Assignment: The full data must be written out exactly, with every line included.

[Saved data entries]
#####

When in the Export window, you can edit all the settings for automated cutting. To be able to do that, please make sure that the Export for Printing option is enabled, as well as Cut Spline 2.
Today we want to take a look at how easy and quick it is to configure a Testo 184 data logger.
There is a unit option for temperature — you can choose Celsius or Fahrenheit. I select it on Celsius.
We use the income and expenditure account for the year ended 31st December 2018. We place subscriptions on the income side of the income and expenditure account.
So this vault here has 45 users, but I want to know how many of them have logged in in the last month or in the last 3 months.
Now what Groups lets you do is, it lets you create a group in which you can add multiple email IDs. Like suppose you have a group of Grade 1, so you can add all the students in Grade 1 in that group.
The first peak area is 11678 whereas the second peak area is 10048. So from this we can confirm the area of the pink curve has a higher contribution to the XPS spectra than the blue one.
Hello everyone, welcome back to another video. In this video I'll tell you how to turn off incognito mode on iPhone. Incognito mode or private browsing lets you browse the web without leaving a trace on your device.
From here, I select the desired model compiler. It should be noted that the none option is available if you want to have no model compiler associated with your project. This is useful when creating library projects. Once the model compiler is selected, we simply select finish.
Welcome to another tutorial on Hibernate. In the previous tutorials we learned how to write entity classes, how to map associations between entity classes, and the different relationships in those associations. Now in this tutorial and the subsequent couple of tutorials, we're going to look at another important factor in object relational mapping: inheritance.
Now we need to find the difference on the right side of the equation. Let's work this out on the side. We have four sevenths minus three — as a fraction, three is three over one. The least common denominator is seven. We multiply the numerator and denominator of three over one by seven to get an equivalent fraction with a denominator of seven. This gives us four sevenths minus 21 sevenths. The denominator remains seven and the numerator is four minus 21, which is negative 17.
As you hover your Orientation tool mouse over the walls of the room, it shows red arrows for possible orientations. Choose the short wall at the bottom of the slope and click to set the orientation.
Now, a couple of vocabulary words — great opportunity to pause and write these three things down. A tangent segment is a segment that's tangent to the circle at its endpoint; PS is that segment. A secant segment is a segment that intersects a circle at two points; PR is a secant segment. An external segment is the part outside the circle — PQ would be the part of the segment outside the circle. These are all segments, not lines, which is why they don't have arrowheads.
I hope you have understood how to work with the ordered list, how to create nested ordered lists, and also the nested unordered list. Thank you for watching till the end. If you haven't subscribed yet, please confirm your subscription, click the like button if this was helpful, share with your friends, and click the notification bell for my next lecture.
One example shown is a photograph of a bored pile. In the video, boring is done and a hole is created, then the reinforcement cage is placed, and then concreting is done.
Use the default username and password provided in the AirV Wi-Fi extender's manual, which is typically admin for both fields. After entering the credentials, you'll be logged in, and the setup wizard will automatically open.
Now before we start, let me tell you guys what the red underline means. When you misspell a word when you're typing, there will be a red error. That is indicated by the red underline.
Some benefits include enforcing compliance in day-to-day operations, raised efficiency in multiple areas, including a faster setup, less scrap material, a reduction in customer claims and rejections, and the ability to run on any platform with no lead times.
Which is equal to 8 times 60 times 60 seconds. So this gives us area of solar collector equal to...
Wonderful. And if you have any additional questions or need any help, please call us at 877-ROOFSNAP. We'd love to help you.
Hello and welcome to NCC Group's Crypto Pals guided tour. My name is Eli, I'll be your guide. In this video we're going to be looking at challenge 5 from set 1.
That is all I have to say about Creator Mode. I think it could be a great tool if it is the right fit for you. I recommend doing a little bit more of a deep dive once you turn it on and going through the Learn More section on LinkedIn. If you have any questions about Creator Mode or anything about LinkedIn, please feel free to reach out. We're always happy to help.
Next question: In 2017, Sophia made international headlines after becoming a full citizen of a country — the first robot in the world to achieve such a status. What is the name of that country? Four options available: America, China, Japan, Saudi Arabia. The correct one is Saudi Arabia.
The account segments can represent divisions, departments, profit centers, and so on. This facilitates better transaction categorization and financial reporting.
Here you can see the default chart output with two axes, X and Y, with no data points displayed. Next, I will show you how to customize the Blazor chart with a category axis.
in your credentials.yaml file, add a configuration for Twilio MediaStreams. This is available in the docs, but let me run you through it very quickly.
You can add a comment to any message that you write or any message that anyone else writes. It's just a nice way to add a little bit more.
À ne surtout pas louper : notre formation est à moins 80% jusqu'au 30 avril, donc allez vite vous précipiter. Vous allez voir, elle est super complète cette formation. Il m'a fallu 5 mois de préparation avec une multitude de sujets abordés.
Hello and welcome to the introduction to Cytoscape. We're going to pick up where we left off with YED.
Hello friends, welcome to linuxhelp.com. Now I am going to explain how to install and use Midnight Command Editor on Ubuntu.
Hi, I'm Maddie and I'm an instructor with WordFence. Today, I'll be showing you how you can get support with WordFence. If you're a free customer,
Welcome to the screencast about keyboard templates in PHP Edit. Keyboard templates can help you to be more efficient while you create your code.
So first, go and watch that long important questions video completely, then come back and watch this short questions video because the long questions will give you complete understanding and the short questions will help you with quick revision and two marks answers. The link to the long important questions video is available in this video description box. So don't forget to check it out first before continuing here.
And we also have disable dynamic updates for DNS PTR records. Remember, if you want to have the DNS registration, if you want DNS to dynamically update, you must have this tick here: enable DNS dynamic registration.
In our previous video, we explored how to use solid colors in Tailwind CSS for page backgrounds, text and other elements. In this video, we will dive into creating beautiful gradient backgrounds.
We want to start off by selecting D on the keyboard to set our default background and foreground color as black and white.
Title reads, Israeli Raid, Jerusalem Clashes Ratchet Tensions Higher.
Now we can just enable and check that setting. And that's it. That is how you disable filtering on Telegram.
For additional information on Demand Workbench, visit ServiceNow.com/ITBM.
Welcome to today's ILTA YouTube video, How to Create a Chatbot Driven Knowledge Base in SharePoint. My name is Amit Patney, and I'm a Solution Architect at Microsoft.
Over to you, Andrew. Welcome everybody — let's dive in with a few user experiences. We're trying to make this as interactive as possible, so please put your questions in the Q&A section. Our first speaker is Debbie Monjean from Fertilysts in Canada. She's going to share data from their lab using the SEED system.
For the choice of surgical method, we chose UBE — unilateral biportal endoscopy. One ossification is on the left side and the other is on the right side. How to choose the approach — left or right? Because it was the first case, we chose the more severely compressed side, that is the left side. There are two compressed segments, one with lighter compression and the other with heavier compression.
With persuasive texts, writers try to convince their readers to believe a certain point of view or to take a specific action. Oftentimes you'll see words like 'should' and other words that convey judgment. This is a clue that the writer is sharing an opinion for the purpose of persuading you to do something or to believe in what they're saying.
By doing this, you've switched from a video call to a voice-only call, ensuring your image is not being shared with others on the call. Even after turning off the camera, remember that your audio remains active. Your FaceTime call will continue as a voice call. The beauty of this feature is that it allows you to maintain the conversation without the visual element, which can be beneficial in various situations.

#####

Answer area:
When in the Export window, you can edit all the settings for automated cutting. To be able to do that, please make sure that the Export for Printing option is enabled, as well as Cut Spline 2.
Today we want to take a look at how easy and quick it is to configure a Testo 184 data logger.
There is a unit option for temperature — you can choose Celsius or Fahrenheit. I select it on Celsius.
We use the income and expenditure account for the year ended 31st December 2018. We place subscriptions on the income side of the income and expenditure account.
So this vault here has 45 users, but I want to know how many of them have logged in in the last month or in the last 3 months.
Now what Groups lets you do is, it lets you create a group in which you can add multiple email IDs. Like suppose you have a group of Grade 1, so you can add all the students in Grade 1 in that group.
The first peak area is 11678 whereas the second peak area is 10048. So from this we can confirm the area of the pink curve has a higher contribution to the XPS spectra than the blue one.
Hello everyone, welcome back to another video. In this video I'll tell you how to turn off incognito mode on iPhone. Incognito mode or private browsing lets you browse the web without leaving a trace on your device.
From here, I select the desired model compiler. It should be noted that the none option is available if you want to have no model compiler associated with your project. This is useful when creating library projects. Once the model compiler is selected, we simply select finish.
Welcome to another tutorial on Hibernate. In the previous tutorials we learned how to write entity classes, how to map associations between entity classes, and the different relationships in those associations. Now in this tutorial and the subsequent couple of tutorials, we're going to look at another important factor in object relational mapping: inheritance.
Now we need to find the difference on the right side of the equation. Let's work this out on the side. We have four sevenths minus three — as a fraction, three is three over one. The least common denominator is seven. We multiply the numerator and denominator of three over one by seven to get an equivalent fraction with a denominator of seven. This gives us four sevenths minus 21 sevenths. The denominator remains seven and the numerator is four minus 21, which is negative 17.
As you hover your Orientation tool mouse over the walls of the room, it shows red arrows for possible orientations. Choose the short wall at the bottom of the slope and click to set the orientation.
Now, a couple of vocabulary words — great opportunity to pause and write these three things down. A tangent segment is a segment that's tangent to the circle at its endpoint; PS is that segment. A secant segment is a segment that intersects a circle at two points; PR is a secant segment. An external segment is the part outside the circle — PQ would be the part of the segment outside the circle. These are all segments, not lines, which is why they don't have arrowheads.
I hope you have understood how to work with the ordered list, how to create nested ordered lists, and also the nested unordered list. Thank you for watching till the end. If you haven't subscribed yet, please confirm your subscription, click the like button if this was helpful, share with your friends, and click the notification bell for my next lecture.
One example shown is a photograph of a bored pile. In the video, boring is done and a hole is created, then the reinforcement cage is placed, and then concreting is done.
Use the default username and password provided in the AirV Wi-Fi extender's manual, which is typically admin for both fields. After entering the credentials, you'll be logged in, and the setup wizard will automatically open.
Now before we start, let me tell you guys what the red underline means. When you misspell a word when you're typing, there will be a red error. That is indicated by the red underline.
Some benefits include enforcing compliance in day-to-day operations, raised efficiency in multiple areas, including a faster setup, less scrap material, a reduction in customer claims and rejections, and the ability to run on any platform with no lead times.
Which is equal to 8 times 60 times 60 seconds. So this gives us area of solar collector equal to...
Wonderful. And if you have any additional questions or need any help, please call us at 877-ROOFSNAP. We'd love to help you.
Hello and welcome to NCC Group's Crypto Pals guided tour. My name is Eli, I'll be your guide. In this video we're going to be looking at challenge 5 from set 1.
That is all I have to say about Creator Mode. I think it could be a great tool if it is the right fit for you. I recommend doing a little bit more of a deep dive once you turn it on and going through the Learn More section on LinkedIn. If you have any questions about Creator Mode or anything about LinkedIn, please feel free to reach out. We're always happy to help.
Next question: In 2017, Sophia made international headlines after becoming a full citizen of a country — the first robot in the world to achieve such a status. What is the name of that country? Four options available: America, China, Japan, Saudi Arabia. The correct one is Saudi Arabia.
The account segments can represent divisions, departments, profit centers, and so on. This facilitates better transaction categorization and financial reporting.
Here you can see the default chart output with two axes, X and Y, with no data points displayed. Next, I will show you how to customize the Blazor chart with a category axis.
in your credentials.yaml file, add a configuration for Twilio MediaStreams. This is available in the docs, but let me run you through it very quickly.
You can add a comment to any message that you write or any message that anyone else writes. It's just a nice way to add a little bit more.
À ne surtout pas louper : notre formation est à moins 80% jusqu'au 30 avril, donc allez vite vous précipiter. Vous allez voir, elle est super complète cette formation. Il m'a fallu 5 mois de préparation avec une multitude de sujets abordés.
Hello and welcome to the introduction to Cytoscape. We're going to pick up where we left off with YED.
Hello friends, welcome to linuxhelp.com. Now I am going to explain how to install and use Midnight Command Editor on Ubuntu.
Hi, I'm Maddie and I'm an instructor with WordFence. Today, I'll be showing you how you can get support with WordFence. If you're a free customer,
Welcome to the screencast about keyboard templates in PHP Edit. Keyboard templates can help you to be more efficient while you create your code.
So first, go and watch that long important questions video completely, then come back and watch this short questions video because the long questions will give you complete understanding and the short questions will help you with quick revision and two marks answers. The link to the long important questions video is available in this video description box. So don't forget to check it out first before continuing here.
And we also have disable dynamic updates for DNS PTR records. Remember, if you want to have the DNS registration, if you want DNS to dynamically update, you must have this tick here: enable DNS dynamic registration.
In our previous video, we explored how to use solid colors in Tailwind CSS for page backgrounds, text and other elements. In this video, we will dive into creating beautiful gradient backgrounds.
We want to start off by selecting D on the keyboard to set our default background and foreground color as black and white.
Title reads, Israeli Raid, Jerusalem Clashes Ratchet Tensions Higher.
Now we can just enable and check that setting. And that's it. That is how you disable filtering on Telegram.
For additional information on Demand Workbench, visit ServiceNow.com/ITBM.
Welcome to today's ILTA YouTube video, How to Create a Chatbot Driven Knowledge Base in SharePoint. My name is Amit Patney, and I'm a Solution Architect at Microsoft.
Over to you, Andrew. Welcome everybody — let's dive in with a few user experiences. We're trying to make this as interactive as possible, so please put your questions in the Q&A section. Our first speaker is Debbie Monjean from Fertilysts in Canada. She's going to share data from their lab using the SEED system.
For the choice of surgical method, we chose UBE — unilateral biportal endoscopy. One ossification is on the left side and the other is on the right side. How to choose the approach — left or right? Because it was the first case, we chose the more severely compressed side, that is the left side. There are two compressed segments, one with lighter compression and the other with heavier compression.
With persuasive texts, writers try to convince their readers to believe a certain point of view or to take a specific action. Oftentimes you'll see words like 'should' and other words that convey judgment. This is a clue that the writer is sharing an opinion for the purpose of persuading you to do something or to believe in what they're saying.
By doing this, you've switched from a video call to a voice-only call, ensuring your image is not being shared with others on the call. Even after turning off the camera, remember that your audio remains active. Your FaceTime call will continue as a voice call. The beauty of this feature is that it allows you to maintain the conversation without the visual element, which can be beneficial in various situations.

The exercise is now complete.